近世までの世界の美術史では、絵画はいわゆる上流階級のもの。表現にはたくさんの約束事がありました。
その点、庶民芸術であった“浮世絵”に制約はほとんどなく、大衆の望むものを描くことを繰り返すうち、急速に発展を遂げたのです。
版画でありながら、色鮮やかで描写も構図も自由自在……『和樂』5月号ではそんな“浮世絵”を大特集! その比類なき魅力を支える奇跡の10大技法をご紹介します。
◆世界が熱狂した大首美人
浮世絵の美人画と聞いて真っ先に思い浮かべるのは、上半身をクローズアップした構図のものではないでしょうか。それは、今や美人画を代表する存在の「美人大首絵」と呼ばれるもの。

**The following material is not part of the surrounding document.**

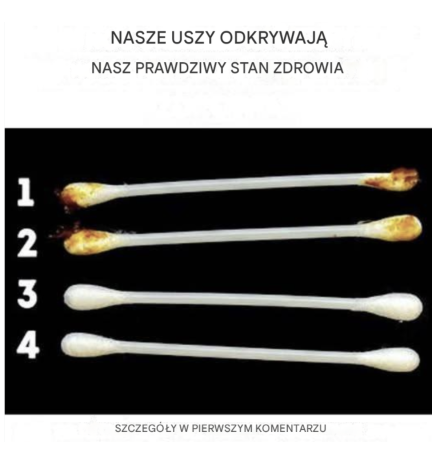 Nasze uszy ujawniają prawdziwy stan naszego zdrowia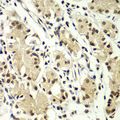 ZNF264 Antibody - Immunohistochemistry of paraffin-embedded human gastric using ZNF264 antibody at dilution of 1:100 (40x lens).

注目すべきは3点。まずは、やけに心をそそる物憂げな眼差し。単純に見える目の描き方のようですが、喜多川歌麿はここで女性の気持ちを見事に表現しています。さらに、鮮やかな紅色の唇で、恋に身を焦がす女心を感じさせ、情感あふれる表情を描写しているのです。
そして2つ目は、大きく結った髪。大きく張り出した鬢(びん)は、顔から首をほっそりとしなやかに見せるため用いたデフォルメ。モデルの最も美しい一瞬を描くために、歌麿が編み出したテクニックです。
そして3つ目は指。頬杖をついた細い腕や指の動きが、やるせない女心を表現します。写実的ではないのにリアルな心情が伝わってくるという、歌麿の美人画の秘密がここにあります。